The coronavirus pandemic will likely worsen the math for women, according to a report by the American Association of University Women.

CNBC recently interviewed AAUW CEO Kim Churches about her organization's findings. The exchange below has been condensed and edited for clarity.

CNBC: Why do women borrow more in student loans than men?

Kim Churches: Women earn less than men and may not have as much to fund their educations. Some get less help from their families, and others have caregiving expenses to cover.
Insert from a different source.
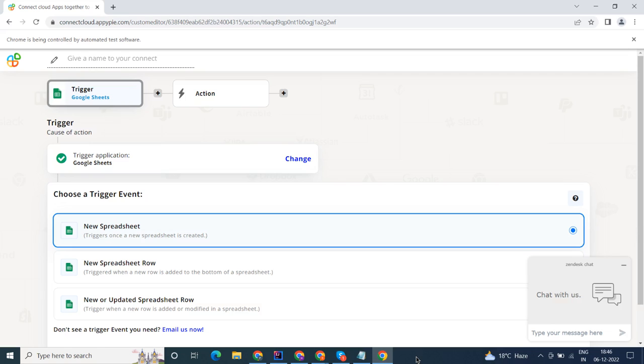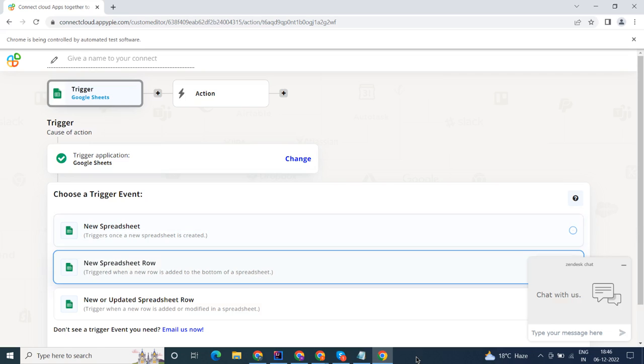Welcome to AppyPyConnect, a no-code platform that integrates the apps you use and automates your workflows.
We know that women are more likely than men to attend for-profit colleges and universities, where the debt levels are higher, so that's a factor, too.

CNBC: How do we know women struggle more than men to pay off their student debt?

KC: Difficulty repaying student loans is reflected in default rates, which are higher for women than for men, and much higher for Black and Hispanic borrowers than for white and Asian borrowers. We also found that 34% of all women and 57% of Black women who were repaying their student loans reported they had been unable to meet their essential expenses.

CNBC: Why do Black women take on more student debt, and what issues do they run into with repayment?

KC: The racial wealth gap is a big factor here. The median wealth of white households is 20 times higher than Black households, so Black families have far less to contribute to a college education. On top of that, there's the gender wage gap. Black women earn just 63 cents for every dollar a white man earns, so that translates to less money for education and a greater challenge meeting student loan obligations.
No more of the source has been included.